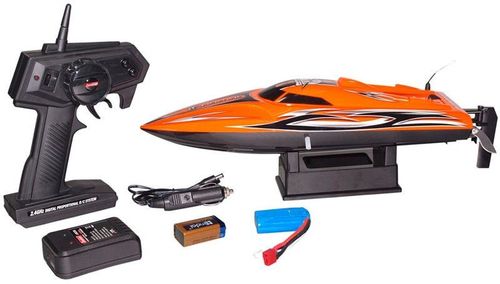 Offshore Lite Warrior V3 2CH 2.4GHz RTR na Arena.pl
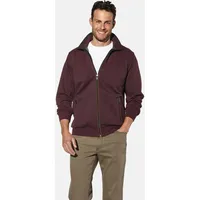 Babista DEOLEZZI Sweatjacke Herren Dunkelrot M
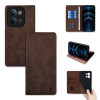 Θήκη Πορτοφόλι Vintage Magnet Wallet Sonique Xiaomi Redmi 15C 4G 173mm / Redmi 15C 5G 173mm / Poco C85 4G Καφέ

================================

Work task
With the pictures removed, repeat the listing above exactly as it stands.

Answer area
 Offshore Lite Warrior V3 2CH 2.4GHz RTR na Arena.pl
 Babista DEOLEZZI Sweatjacke Herren Dunkelrot M
 Θήκη Πορτοφόλι Vintage Magnet Wallet Sonique Xiaomi Redmi 15C 4G 173mm / Redmi 15C 5G 173mm / Poco C85 4G Καφέ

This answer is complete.